Objective: To detect common bacterial pathogens in various medical laboratories in Shendi City.

Materials and Methods: A cross-sectional analytical study was conducted in Shendi City from August to December 2021. This study included 17 laboratories and 50 samples collected by wet exchange from various locations including laboratory surfaces, microscopes, centrifuges, CBC devices, staining racks, and CBC devices.

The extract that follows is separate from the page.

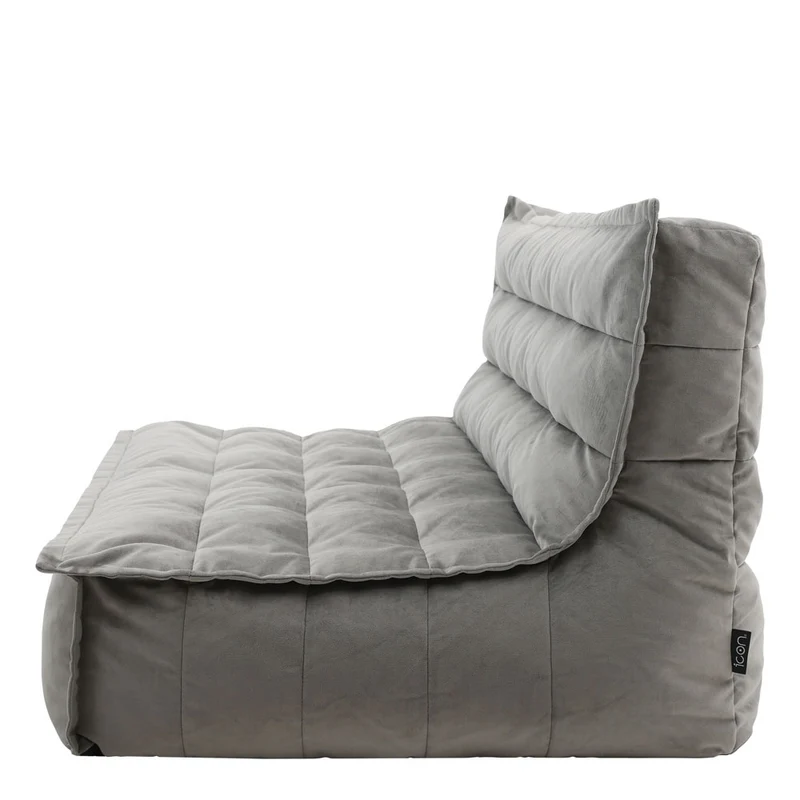 Kota Samt-Sofa, Dunkengrau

Results: This study included Staphylococcus aureus 11 (22%), Staphylococcus epidermidis 10 (20%), Escherichia coli 1 (2%), Klebsiella pneumonia 9 (18%), and Pseudomonas aeruginosa 2 (4%). Significant growth of pathogenic bacteria was shown. Among all the organisms isolated, there is moderate resistance to antibiotics, some bacteria are very resistant, others are resistant, and some organisms are resistant to some they were highly sensitive to the substance and resistant to other antibacterial agents. Bacterial isolates (39.4%) were resistant to Amoclane, 12 (36.4%) were resistant to gentamicin, and 11 (33.3%) were resistant to Ciprofloxacin and Imipenem.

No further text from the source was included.